Elle manœuvre un peu, les gens des autres véhicules râlent, mais elle a vu un chemin minuscule sur la gauche vers Lavigny, et, avec beaucoup d’habileté, elle gagne le plateau, où serpente dans les premiers lueurs de l’aube, une très mince route avec une bande d’herbe au milieu, déserte, qui passe à l’est de Lons, Saint-Amour et Bourg et mène à Lyon, par des villages inconnus de moi.

On est à Lyon vers 9 heures du matin, là, je revois les quais du Rhône, les trottoirs fraîchement mouillés - il passe une arroseuse dans ce jour chamboulé - on y trouve oncle G (dont la boîte de métallurgie est repliée à Lyon depuis l’automne ) ; je suppose qu’ils avaient pris rendez-vous par téléphone la veille, au cas où... mais hier, on n’avais pas l’intention de partir. Est-ce le hasard, je crois tout possible, car tout le monde semblait devenu fou. J’entends le nom de Pétain, Oncle G. dit que Pétain parle de bientôt signer l’armistice. L’armistice ? Non, pas possible. Voyons, Pétain ne ferait pas ça. On continue.

Au revoir à Oncle G, qui demeure debout sur le quai, agitant la main dans le soleil du matin, et nous, on part, par des routes secondaires pas trop encombrées, on fonce au sud-ouest, puis à l’ouest, on grimpe les premiers escarpements du Massif central et on s’arrête près d’Annonay pour pique-niquer. Où a-t-on acheté de quoi déjeuner ? Mystère. Je me rappelle les cerises magnifiques du dessert. Très bien aussi, le pré vert et frais, près d’un cours d’eau, un peu en contrebas de la route.

On repart. Tante Paulette pousse alors un cri, elle n’a plus son gros bracelet en or. Elle l’avait au déjeuner. « Retourne, Paulette, on va voir dans le pré, il a dû glisser, quand on rinçait les assiettes. », non, non, ça va retarder, tant pis.

L’après-midi s’avance, on ne va pas vite, car les routes sont étroites et tortueuses, même si elles sont peu encombrées. Tout d’un coup dans une montée en lacet, Tante Paulette roulant confortablement, selon son habitude, en plein milieu de la route, on aperçoit une moto à side-car, surmontée de deux personnages casqués, en vert réséda, qui nous croisent en hurlant quelque chose d’un air méchant ; Bonne Maman, qui parle allemand, traduit « Ils te disent de rouler à droite, Paulette ». Ce sont nos premiers Allemands.

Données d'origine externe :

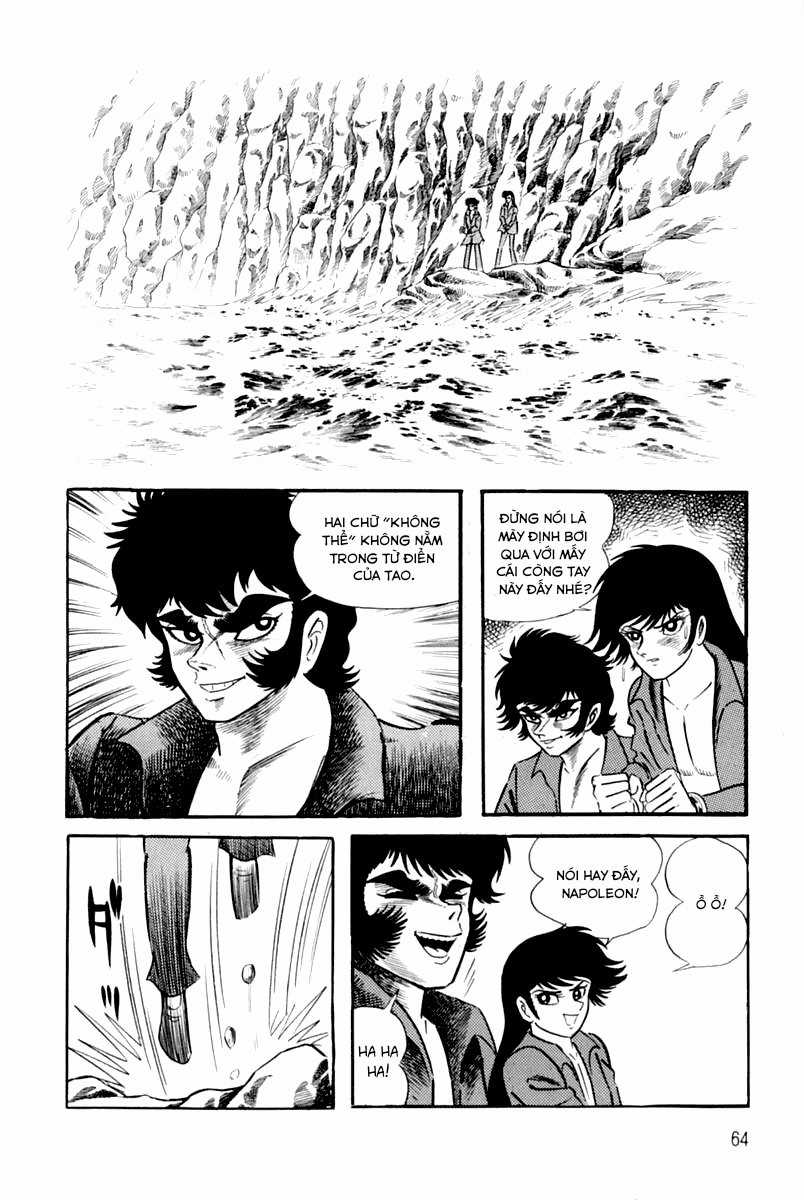 Violence Jack Chapter 4.1 trang 3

Au Puy, légende de la Vierge noire, ville noire, volcans pas loin, mais aucun hôtel disponible, il est trop tard pour aller coucher chez Georgette, Brive est trop loin. Nous sommes comme Joseph et Marie le soir de Noël, cherchant un abri, tout est archi-plein, partout, des réfugiés hagards ; les Allemands sont en effet dans la région. Sur une des places de la ville, « Oh, cher ami ! », c’est M. Cottin, un monsieur de Lyon, là aussi, miracle, c’est quelqu’un qu’on connaît, vive le hasard, il nous dit qu’il a entendu parler d’une possibilité d’hébergement à une dizaine de kilomètres, sur le plateau, à 1 200 mètres d’altitude, à Cayres. Il y va, si on veut, on peut le suivre, lui aussi a sa voiture bourrée de famille. « Ce sera peut-être sommaire », dit-il.

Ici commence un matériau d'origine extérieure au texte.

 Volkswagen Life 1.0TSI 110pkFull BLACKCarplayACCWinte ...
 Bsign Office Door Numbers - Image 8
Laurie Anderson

On arrive, il fait nuit noire, un village resté au XIXe siècle, un hôtel minuscule et des chambres en annexe chez l’habitant, pas d’eau courante, les toilettes au fond du jardin - une cabane en bois -, mais quelques chambres, avec des grands lits de bois à édredon rouge. On se répartit comme on peut, on y restera trois semaines.